I wouldn't be too worried about it, single stage paint is always going to transfer a little when you buff it out. If it starts to get a lot of build-up you may want to ease up a little though.
 
Humm, what I find weird is that at first, I didn't use Meg's QD (consumer's line), and I didn't get pads that rosy color...maybe I buffed to much.
 
From my experience with my 85 toyota, the paint was badly oxidized when i got it, and my pads did turn quite red. In fact just washing it would turn my towel red. I used a rotary with the meg's polishing pad @1300rpm with SFP. You may just want to avoid priming with the QD and just apply the polish to the pad. You are basically removing the oxidized paint, that is what is turning your pads red.
 
Chip I did a 88 Volvo single stage a couple weeks back and used a PC with a white pad and AIO and had to use 3 different pads cuz of the removed oxidization.. and the piant was in exceptioan condition.. DACP would do more.
 
Hey guys,

I was wondering since my car is black and it is seriously oxidized, I lose alot a paint simply using a meg step 2 polish (not really abrasive). I am not even sure if this is all paint or just dirt because I havent done anything to it for so long. Oh, yes the car is SS so some is definitely paint.

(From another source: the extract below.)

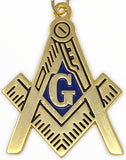 Freemason Masonic Square and Compass Key Chain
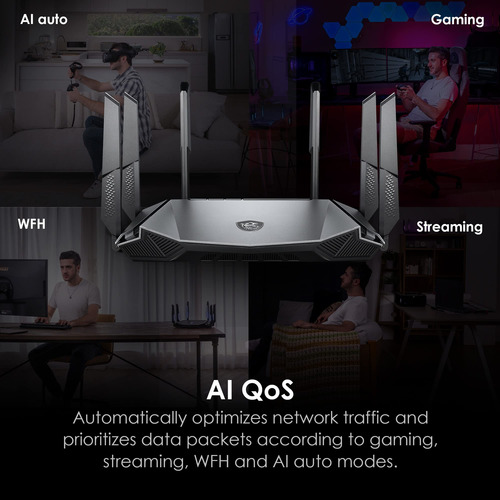 Router Gaming Msi Radix Axe6600 Wifi 6e Tri-band Rápido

Anyways, I was wondering if I should use a cleaner and maybe a terry to remove the oxidized paint so I dont ruin my new pads. I cant create worse marring than I have now. What do you guys think.

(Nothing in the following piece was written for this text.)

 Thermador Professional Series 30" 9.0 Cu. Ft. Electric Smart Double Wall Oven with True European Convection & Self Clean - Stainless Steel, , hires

Sorry Chip, not trying to steal the thread.
 
You can simply clay it to remove a little of the oxidation, that will help make the job easier for your pads.
 
The reddish color on the pad was ever so easy to clean under hot water......that is why I think it may be a heat reaction with QD(meg's quick detailer--red bottle) and the pad/paint. I figured had it been paint that was on the pad, it'd have stained, but I may be mistaken here.
 
They were pretty red after i did my truck the first time, but they were some old pads anyway, so i tossed them after i finished. If you clay, (which i didn't) it will seriously make the job a lot easier on the pads. I got my truck 3 years ago and the original owner can't believe it is the same truck, haha.
 
Thanks, I was planing on claying first anyways. After I clay Ill pick a couple of test spots and its still really black Ill have to hand buff it a bit first.



Thanks for your help guys
 
ACURA95, you might want to have some stronger polish on hand other than just a pre-wax cleaner if your paint really is heavily oxidized. You don't want to have to sit there all afternoon trying to cut through the oxidation with such a mild product when a stronger one may be called for.
 
ACURA95 said:
4dsc,

I have a gallon of dacp, that should be abrasive enough shouldnt it?
Yes, hopefully you won't need anything stronger than this. DACP can be pretty effective, but it's not dangerously strong. Just take it easy and see how things progress. Even if you have to use a product twice to get it right, that's perfectly acceptable too (some even prefer this approach).